Haedear mengajak agar spirit ini jangan sampai padam. “Nah, spirit ini tidak boleh padam dalam perjuangan apapun, membangun masjid, sekolah, bahkan dalam kehidupan kebangsaan. Dan kehidupan kebagsaan juga perlu spiritualitas itu,” tutur Haedar, Senin (31/10) di acara Peresmian Masjid Husnul Khatimah, Kasihan Bantul dilansir laman Muhammadiyah.or.id.
Haedar tak menampik jika ada warga Muhammadiyah yang selalu bersemangat membangun dan berlelah-lelah beramal shalih nyata di Muhammadiyah. Bagi masyarakat modern mungkin hal ini tidak masuk akal.
“Ketika kita bergerak di Muhammadiyah ada juga yang khoriqul adab dari pagi sampai sore sampai seterusnya. Kalau dipikir-pikir juga ngapain seorang dokter mau menjadi takmir masjid dan seterusnya, banyak seperti itu, kita juga sama, itu ada nilai, ada value yang berharga dari diri kita yang menggerakkan kita menginfaq-sedekah,” ungkapnya.
Meski dengan banyaknya proyek pembangunan AUM untuk kemanfaatan yang luas dan lebih baik, Haedar Nashir mengingatkan kepada warga Muhammadiyah supaya dalam bersedekah tidak dengan cara yang ekstrim seperti yang diajarkan oleh salah satu ustadz kondang tanah air.
Menurutnya, sikap ekstrim dalam segala hal itu tidak baik, termasuk dalam berzakat, infaq dan sedekah.
Dalam pandangan Haedar, memang sedekah banyak itu baik, tapi harus ada perhitungan lain, sebab dalam harta yang dimiliki itu juga ada hak bagi keluarga dan seterusnya. Oleh karena itu, harus proporsional dengan tidak menegasikan kewajiban zakat itu sendiri atau membelanjakan harta di jalan Allah SWT.

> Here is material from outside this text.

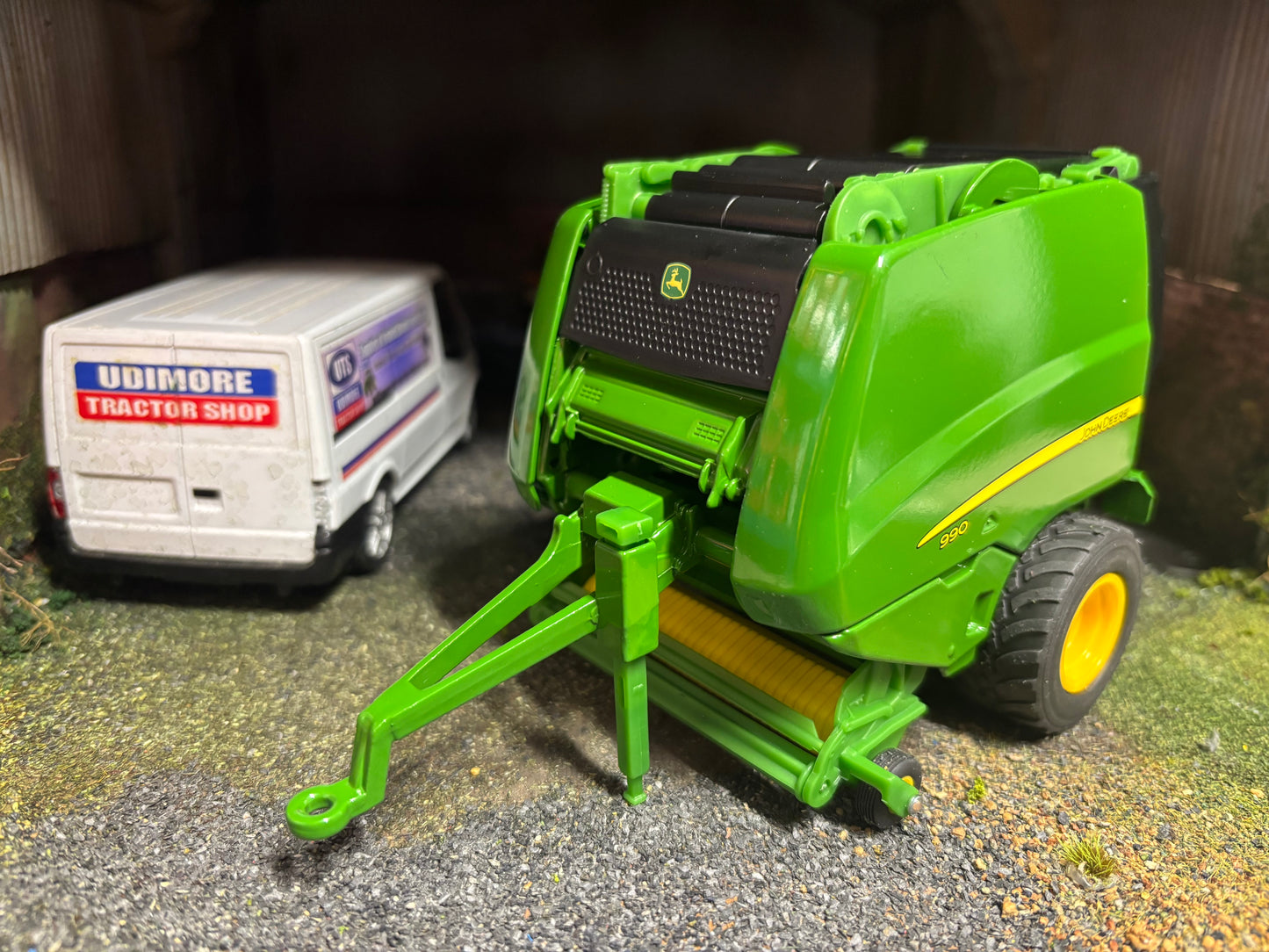 John Deere 990 Round baler 1:32 scale boxed Siku 2465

“Gerakan kita menginfaq shadaqahkan apa yang kita miliki atau bahkan mungkin sebagian besar yang kita miliki, tapi kalau seluruhnya tidak boleh. Kalau kita dapat rejeki dari Allah kita manfaatkan untuk keperluan kita lalu sebagian untuk berinfaq bersedekah,” imbuhnya.
Namun demikian, dalam berzakat, infaq dan sedekah tidak boleh diakal-akali. Harus sesuai dengan kondisinya. Jika penghasilannya atau hartanya banyak, tentu zakat, infaq dan sedekahnya juga banyak.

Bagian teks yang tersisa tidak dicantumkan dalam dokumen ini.